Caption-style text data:
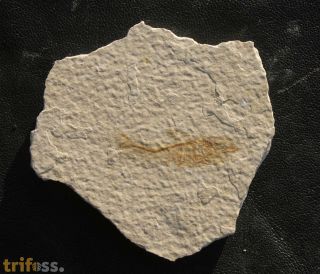 Diplomystus dentatus COPE, 1877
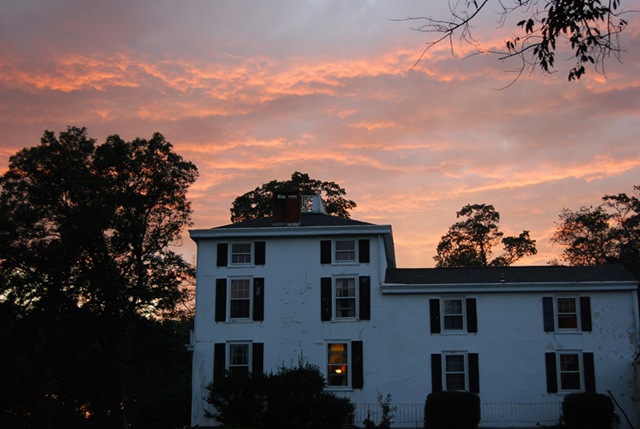 [DSC_0839 copy 2[5].jpg]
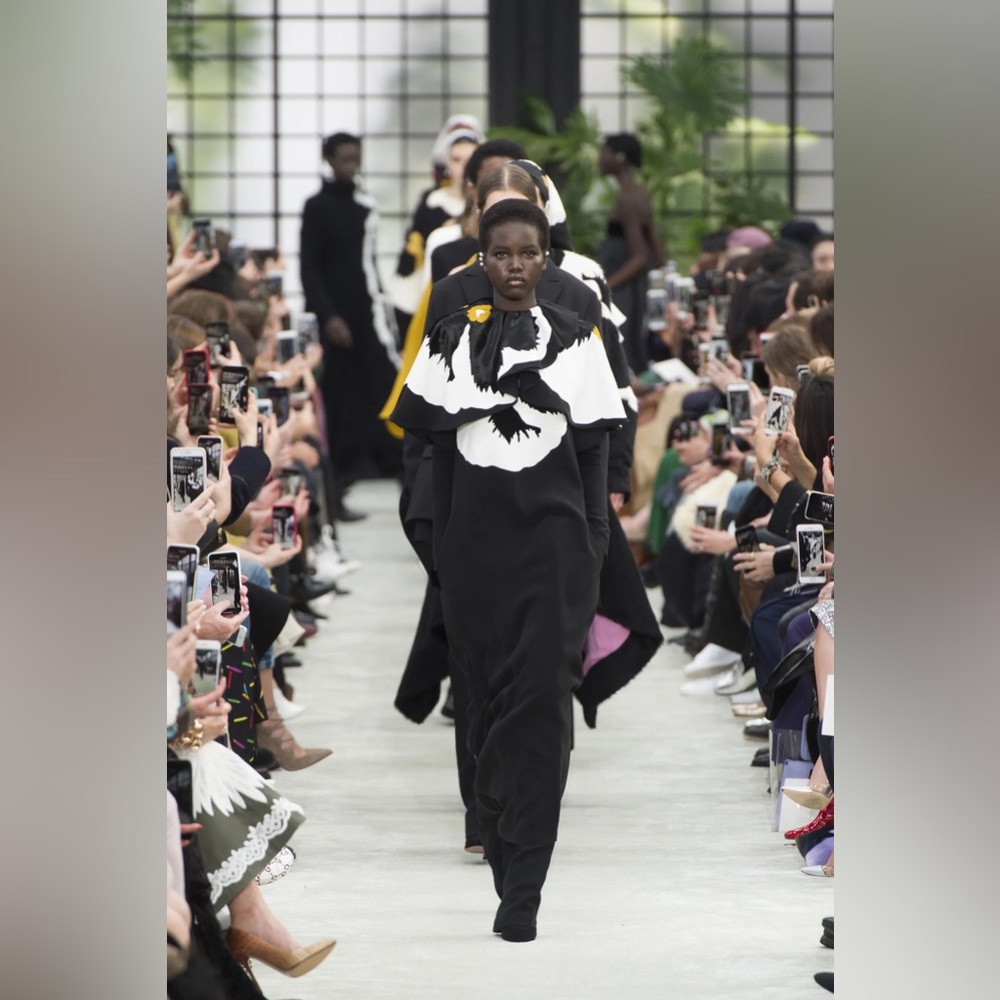 NWOT Valentino Fall 2018 Runway Pansy Dress Size 40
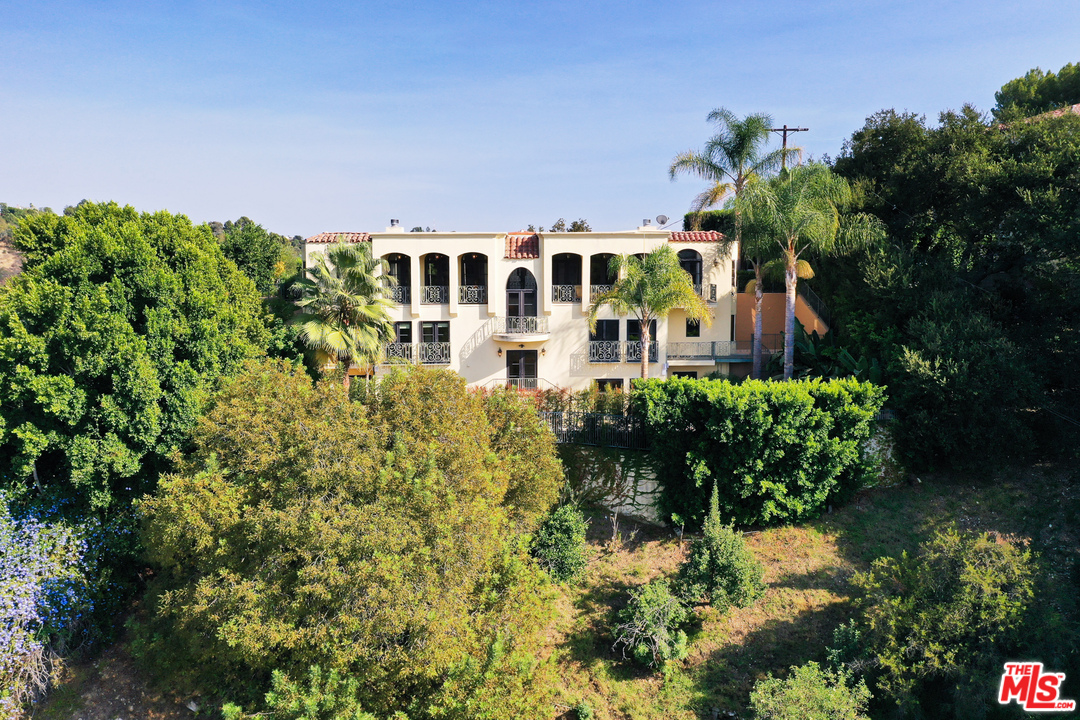 a view of a big yard with plants and large trees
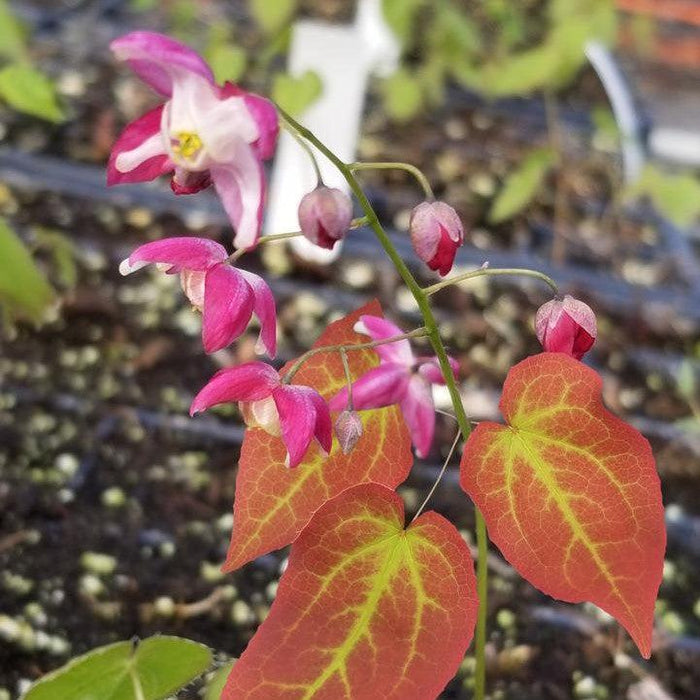 Epimedium rubrum 'Galadriel'  - Galadriel Red Barrenwort - Shipped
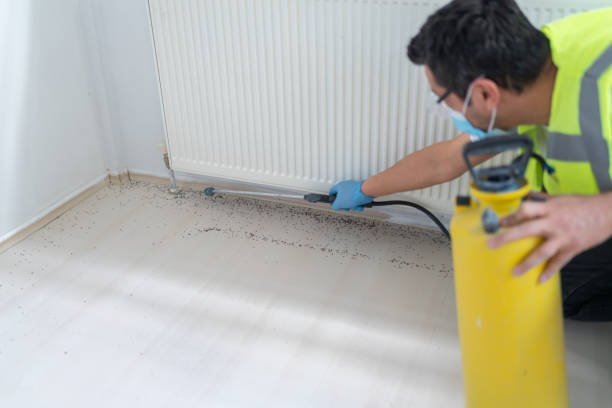 Best Termite Control Services  in Dry Run, OH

Description of the task: Please transcribe all of the records above exactly, leaving out any pictures.

Answer box:
 Diplomystus dentatus COPE, 1877
 [DSC_0839 copy 2[5].jpg]
 NWOT Valentino Fall 2018 Runway Pansy Dress Size 40
 a view of a big yard with plants and large trees
 Epimedium rubrum 'Galadriel'  - Galadriel Red Barrenwort - Shipped
 Best Termite Control Services  in Dry Run, OH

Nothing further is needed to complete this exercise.